• **ASSIGNMENT**: Below are several entries. Transcribe exactly those lines that fall from the one with "Naklejka premium Aerial" through the one with "dining space featuring", end lines included.

(Stored items)
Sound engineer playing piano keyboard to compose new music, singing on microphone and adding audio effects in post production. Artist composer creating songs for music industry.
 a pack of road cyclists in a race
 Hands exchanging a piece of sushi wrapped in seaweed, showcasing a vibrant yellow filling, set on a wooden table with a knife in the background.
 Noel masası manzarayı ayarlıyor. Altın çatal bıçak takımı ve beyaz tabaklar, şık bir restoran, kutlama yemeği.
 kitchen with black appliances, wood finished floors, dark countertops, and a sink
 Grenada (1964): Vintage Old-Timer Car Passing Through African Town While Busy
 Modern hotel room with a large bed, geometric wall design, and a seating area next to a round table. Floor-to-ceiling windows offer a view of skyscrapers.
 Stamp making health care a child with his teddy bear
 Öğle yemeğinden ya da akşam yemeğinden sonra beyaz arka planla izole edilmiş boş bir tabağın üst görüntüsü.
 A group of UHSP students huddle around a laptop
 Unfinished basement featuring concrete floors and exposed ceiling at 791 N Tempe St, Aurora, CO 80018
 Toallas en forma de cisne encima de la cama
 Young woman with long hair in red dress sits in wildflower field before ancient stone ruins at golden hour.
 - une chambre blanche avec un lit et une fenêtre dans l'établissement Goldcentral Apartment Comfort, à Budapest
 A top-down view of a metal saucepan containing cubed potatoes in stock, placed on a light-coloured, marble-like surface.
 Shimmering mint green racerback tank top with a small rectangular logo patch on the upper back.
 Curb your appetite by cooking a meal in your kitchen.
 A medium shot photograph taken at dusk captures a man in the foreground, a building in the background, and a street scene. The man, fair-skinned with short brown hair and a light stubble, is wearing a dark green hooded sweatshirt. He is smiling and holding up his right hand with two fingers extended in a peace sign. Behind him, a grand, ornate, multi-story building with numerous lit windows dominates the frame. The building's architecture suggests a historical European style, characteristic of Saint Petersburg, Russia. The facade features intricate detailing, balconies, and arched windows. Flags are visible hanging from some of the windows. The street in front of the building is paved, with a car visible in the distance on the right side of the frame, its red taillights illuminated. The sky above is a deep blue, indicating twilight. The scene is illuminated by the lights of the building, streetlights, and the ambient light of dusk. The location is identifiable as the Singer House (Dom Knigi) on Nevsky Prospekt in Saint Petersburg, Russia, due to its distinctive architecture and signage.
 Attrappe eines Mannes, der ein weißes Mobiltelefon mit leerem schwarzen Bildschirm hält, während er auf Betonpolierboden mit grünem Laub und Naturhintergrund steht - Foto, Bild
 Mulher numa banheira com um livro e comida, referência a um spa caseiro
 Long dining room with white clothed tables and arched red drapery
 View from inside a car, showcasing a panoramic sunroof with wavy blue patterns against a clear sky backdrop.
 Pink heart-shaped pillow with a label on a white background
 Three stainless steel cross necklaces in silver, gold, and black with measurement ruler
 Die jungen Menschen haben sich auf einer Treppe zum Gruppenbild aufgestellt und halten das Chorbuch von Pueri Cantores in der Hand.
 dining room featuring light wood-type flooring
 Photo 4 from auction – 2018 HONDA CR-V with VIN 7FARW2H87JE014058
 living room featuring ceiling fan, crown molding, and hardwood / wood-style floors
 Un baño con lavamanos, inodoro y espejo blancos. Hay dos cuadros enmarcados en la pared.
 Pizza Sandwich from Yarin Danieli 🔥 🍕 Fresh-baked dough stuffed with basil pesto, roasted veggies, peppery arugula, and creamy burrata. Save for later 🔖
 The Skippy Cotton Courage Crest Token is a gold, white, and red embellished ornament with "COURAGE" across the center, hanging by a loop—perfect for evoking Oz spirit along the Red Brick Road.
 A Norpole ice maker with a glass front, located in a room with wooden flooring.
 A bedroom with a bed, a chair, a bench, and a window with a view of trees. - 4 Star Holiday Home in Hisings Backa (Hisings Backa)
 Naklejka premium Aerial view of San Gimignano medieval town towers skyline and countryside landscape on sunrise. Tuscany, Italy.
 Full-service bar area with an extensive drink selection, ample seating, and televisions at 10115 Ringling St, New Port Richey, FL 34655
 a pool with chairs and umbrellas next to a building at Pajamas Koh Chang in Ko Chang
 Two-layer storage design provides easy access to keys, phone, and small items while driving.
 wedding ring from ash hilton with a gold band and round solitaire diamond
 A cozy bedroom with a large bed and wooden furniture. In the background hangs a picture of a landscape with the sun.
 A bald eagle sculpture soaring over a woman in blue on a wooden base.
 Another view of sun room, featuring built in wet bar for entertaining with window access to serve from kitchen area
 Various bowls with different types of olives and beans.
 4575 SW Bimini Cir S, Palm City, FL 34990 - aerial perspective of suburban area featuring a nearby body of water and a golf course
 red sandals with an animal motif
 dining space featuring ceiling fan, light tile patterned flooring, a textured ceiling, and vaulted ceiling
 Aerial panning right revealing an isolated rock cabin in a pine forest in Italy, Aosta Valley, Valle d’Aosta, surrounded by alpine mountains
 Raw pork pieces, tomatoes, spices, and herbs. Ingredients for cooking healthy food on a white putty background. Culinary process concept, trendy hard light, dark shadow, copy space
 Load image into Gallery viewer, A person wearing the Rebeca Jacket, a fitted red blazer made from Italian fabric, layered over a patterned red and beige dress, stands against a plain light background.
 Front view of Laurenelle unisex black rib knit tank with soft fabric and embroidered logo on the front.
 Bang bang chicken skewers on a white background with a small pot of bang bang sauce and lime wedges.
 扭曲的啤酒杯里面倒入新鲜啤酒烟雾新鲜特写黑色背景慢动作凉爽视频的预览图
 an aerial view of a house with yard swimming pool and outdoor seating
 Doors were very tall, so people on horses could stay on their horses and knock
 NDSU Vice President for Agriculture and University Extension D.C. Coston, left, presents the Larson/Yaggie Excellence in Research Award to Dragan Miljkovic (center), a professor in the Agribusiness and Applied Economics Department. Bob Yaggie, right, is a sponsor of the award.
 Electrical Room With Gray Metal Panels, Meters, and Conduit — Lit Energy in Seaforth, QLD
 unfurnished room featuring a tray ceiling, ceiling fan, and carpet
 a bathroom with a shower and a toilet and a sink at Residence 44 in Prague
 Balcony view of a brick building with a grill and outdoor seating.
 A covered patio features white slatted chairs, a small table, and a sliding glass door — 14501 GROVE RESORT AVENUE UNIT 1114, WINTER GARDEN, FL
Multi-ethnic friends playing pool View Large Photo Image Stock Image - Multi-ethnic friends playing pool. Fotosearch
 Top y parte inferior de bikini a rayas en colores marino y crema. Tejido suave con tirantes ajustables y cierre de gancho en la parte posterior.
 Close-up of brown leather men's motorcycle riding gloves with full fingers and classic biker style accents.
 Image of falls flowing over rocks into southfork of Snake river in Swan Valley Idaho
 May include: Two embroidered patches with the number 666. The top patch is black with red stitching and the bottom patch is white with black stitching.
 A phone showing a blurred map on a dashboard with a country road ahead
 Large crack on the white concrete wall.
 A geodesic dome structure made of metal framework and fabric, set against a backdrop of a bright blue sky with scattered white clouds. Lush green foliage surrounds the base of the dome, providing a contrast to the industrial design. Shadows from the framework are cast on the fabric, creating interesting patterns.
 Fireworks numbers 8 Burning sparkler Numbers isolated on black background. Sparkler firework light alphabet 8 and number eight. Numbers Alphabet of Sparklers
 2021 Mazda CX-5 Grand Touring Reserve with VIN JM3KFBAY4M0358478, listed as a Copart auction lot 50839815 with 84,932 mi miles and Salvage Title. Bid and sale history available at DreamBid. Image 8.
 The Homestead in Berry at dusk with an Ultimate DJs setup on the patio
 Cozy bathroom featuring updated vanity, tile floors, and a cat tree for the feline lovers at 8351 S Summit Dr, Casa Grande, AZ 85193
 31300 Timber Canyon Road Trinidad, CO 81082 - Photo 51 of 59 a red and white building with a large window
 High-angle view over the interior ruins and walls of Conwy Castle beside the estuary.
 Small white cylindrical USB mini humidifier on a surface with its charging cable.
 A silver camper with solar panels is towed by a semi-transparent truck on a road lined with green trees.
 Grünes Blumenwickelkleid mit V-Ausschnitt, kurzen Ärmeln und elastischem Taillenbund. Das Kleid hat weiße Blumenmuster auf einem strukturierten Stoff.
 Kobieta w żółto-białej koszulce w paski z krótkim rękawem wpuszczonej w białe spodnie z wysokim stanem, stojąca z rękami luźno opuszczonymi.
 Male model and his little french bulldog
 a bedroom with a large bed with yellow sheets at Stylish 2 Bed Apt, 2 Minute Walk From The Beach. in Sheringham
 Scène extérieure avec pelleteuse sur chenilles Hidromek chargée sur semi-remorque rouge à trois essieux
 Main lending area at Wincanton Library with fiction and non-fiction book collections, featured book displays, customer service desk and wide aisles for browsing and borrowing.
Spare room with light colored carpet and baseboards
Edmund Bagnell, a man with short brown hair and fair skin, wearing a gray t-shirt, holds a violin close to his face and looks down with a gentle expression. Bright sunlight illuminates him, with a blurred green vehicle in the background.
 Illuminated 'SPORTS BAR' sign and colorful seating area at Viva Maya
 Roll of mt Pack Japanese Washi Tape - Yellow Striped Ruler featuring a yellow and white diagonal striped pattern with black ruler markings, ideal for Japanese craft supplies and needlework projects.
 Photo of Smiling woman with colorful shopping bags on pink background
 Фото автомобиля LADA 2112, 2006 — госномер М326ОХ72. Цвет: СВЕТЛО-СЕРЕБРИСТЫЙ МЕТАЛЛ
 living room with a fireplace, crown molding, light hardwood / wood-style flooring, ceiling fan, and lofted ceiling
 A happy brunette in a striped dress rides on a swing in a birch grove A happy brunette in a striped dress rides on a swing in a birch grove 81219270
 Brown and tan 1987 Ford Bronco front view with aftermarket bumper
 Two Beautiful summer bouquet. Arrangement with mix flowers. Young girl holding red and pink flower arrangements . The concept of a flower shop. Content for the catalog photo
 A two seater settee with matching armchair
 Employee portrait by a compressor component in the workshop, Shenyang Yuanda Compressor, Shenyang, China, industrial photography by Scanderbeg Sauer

• **FINISHED TASK**:
 Naklejka premium Aerial view of San Gimignano medieval town towers skyline and countryside landscape on sunrise. Tuscany, Italy.
 Full-service bar area with an extensive drink selection, ample seating, and televisions at 10115 Ringling St, New Port Richey, FL 34655
 a pool with chairs and umbrellas next to a building at Pajamas Koh Chang in Ko Chang
 Two-layer storage design provides easy access to keys, phone, and small items while driving.
 wedding ring from ash hilton with a gold band and round solitaire diamond
 A cozy bedroom with a large bed and wooden furniture. In the background hangs a picture of a landscape with the sun.
 A bald eagle sculpture soaring over a woman in blue on a wooden base.
 Another view of sun room, featuring built in wet bar for entertaining with window access to serve from kitchen area
 Various bowls with different types of olives and beans.
 4575 SW Bimini Cir S, Palm City, FL 34990 - aerial perspective of suburban area featuring a nearby body of water and a golf course
 red sandals with an animal motif
 dining space featuring ceiling fan, light tile patterned flooring, a textured ceiling, and vaulted ceiling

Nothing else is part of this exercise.